TASK TO CARRY OUT: Search each line below for the word "Shirt" and list those that contain it.

Data records
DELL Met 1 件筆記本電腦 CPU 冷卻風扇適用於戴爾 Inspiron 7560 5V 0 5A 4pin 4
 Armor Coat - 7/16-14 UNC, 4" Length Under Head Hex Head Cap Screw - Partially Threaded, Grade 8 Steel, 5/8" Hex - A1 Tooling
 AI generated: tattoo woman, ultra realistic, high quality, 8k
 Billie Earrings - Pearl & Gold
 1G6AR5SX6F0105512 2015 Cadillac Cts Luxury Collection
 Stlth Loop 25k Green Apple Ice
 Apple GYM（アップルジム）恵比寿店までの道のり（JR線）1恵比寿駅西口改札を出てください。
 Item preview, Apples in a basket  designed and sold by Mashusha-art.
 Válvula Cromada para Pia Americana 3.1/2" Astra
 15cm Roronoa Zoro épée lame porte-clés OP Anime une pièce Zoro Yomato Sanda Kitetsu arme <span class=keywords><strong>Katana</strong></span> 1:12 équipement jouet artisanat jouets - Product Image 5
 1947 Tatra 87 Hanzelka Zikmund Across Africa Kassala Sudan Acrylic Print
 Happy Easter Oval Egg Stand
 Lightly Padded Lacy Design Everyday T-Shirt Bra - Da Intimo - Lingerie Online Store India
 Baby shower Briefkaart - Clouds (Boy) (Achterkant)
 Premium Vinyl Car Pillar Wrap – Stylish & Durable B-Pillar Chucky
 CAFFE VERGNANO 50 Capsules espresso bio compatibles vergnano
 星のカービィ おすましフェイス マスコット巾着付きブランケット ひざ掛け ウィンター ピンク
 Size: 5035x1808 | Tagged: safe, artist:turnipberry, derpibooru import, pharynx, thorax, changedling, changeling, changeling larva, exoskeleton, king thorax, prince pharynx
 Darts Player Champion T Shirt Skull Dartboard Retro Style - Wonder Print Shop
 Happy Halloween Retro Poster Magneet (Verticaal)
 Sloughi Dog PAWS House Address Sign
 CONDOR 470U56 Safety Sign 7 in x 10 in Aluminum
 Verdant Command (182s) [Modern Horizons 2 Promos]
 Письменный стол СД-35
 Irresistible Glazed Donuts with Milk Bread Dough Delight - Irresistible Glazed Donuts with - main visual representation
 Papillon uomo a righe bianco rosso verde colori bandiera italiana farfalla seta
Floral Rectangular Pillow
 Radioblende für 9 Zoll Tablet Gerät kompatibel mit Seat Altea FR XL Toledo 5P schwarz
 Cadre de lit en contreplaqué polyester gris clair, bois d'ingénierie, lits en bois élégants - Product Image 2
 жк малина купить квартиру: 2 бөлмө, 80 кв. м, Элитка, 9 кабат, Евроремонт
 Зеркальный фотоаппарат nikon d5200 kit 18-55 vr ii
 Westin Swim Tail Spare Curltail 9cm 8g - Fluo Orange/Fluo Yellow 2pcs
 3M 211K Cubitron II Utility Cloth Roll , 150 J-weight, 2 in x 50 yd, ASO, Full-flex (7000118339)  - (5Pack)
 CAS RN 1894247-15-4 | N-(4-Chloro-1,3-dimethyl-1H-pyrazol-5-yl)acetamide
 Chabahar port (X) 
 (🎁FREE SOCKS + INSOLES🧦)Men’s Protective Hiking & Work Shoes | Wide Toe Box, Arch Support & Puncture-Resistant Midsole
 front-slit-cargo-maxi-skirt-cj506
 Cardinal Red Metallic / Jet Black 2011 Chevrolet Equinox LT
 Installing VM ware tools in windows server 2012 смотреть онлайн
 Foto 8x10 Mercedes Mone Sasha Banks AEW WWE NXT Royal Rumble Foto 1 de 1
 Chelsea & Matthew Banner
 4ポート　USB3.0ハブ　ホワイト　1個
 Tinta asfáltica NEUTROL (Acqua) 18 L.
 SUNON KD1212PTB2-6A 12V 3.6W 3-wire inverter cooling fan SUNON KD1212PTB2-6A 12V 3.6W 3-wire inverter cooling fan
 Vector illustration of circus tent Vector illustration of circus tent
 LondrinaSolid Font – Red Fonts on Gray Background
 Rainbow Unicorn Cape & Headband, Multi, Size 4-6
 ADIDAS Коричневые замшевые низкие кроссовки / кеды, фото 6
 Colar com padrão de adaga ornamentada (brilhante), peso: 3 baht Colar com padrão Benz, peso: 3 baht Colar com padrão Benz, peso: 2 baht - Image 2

SOLUTION FOR THIS TASK:
 Lightly Padded Lacy Design Everyday T-Shirt Bra - Da Intimo - Lingerie Online Store India
 Darts Player Champion T Shirt Skull Dartboard Retro Style - Wonder Print Shop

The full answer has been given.